Neighbours A and B have gone to do the Haj in Saudi Arabia.
Neighbour C has gone to Pakistan to support his son, accused of murder.
And I am pretty sure Neighbour D is a drug dealer (you should see the strung-out types that I find jonesing in the lobby for a fix).
Neighbour E has finally gotten his schizophrenia under control.

Seen like that, it almost seems threatening. Funny thing is, it totally isn't.

Life in Parc-Ex.

Wednesday, December 15, 2010

Eyebrows

It has been a day for eyebrows.

Coming home from daycare this afternoon:
D- quite taken by the elderly gentleman sitting across the aisle from us. 'What a loud cough,' he commented after the man had coughed. He stared some more. 'Mummy, he has funny eyebrows,' he concluded after closely examining his face. I hustled him off the bus fairly quickly after that. It sure is great living in a neighbourhood where most of my fellow bus passengers don't have English as their first language.

In bed, reading stories:
'His eyebrows are like moons,' D- remarked, as we looked at a Thomas the Train book together.
'Your eyebrows are like moons, too,' I said.
D- then turned and looked at me closely. 'Your eyebrow are like birds,' he told me.

Call me Birdie Eyebrow.

Oh, and for the die-hard Thomas fans, I know Thomas' eyebrows are like little triangles. We were looking at a picture of Percy.

Sunday, December 12, 2010

Cosmicomics


Just finished Cosmicomics (1965). I think Italo Calvino is my new favourite author. He rocks the Casbah, even in translation. I am tempted to learn Italian just so that I can read him in the original.
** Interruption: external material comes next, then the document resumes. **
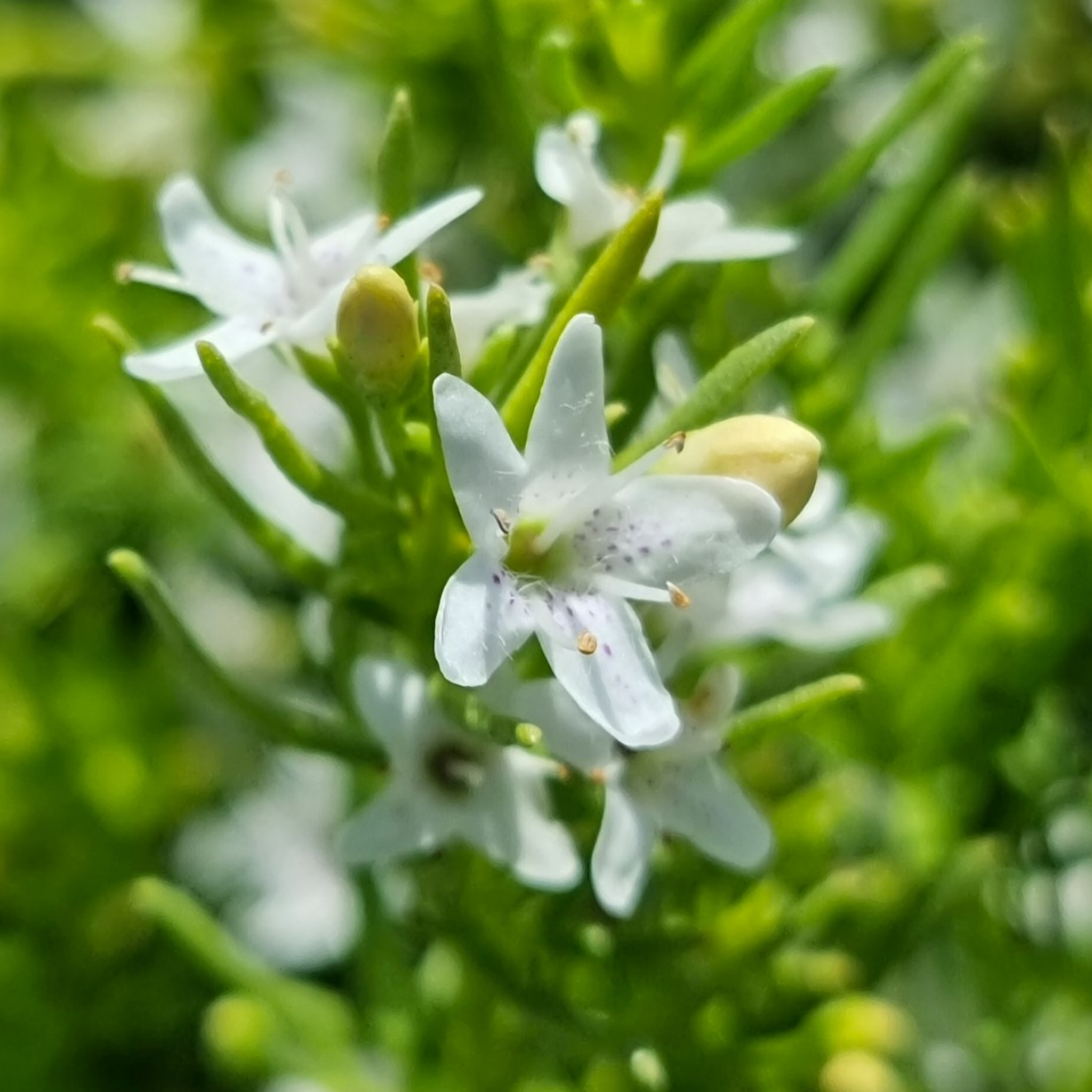 Fine Leaf Creeping Boobialla - Myoporum parvifolium Fine Leaf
Cosmicomics is a series of stories based on theories regarding space and the universe. Example:

The more distant a galaxy is, the more swiftly it moves away from us. A galaxy located at ten billion light-years from us would have a speed of recession equal to the speed of light, three hundred thousand kilometers per second. The 'quasi-stars' recently discovered are already approaching this threshold. (The Light-Years)

And from this, Calvino creates a story, a wonderful, smart, audacious story. Wow.

Particular mention goes out to The Aquatic Uncle about the transition from water living creatures to land living ones, and to The Distance of the Moon, which is about a time when the moon passed super close to the earth and people would jump up to gather a cottage-cheese like substance from it's surface. It's about unrequited love. As a matter of fact, so is The Aquatic Uncle. Now that I am thinking about it, The Dinosaurs is truly fantastic as well, about the last dinosaur who lives with those who have replaced his species in the earth's evolution. Bittersweet.

In other news, I just spent ten minutes engrossed in a Youtube video-slideshow of Arnold Schartzenegger' s early bodybuilding days. Random.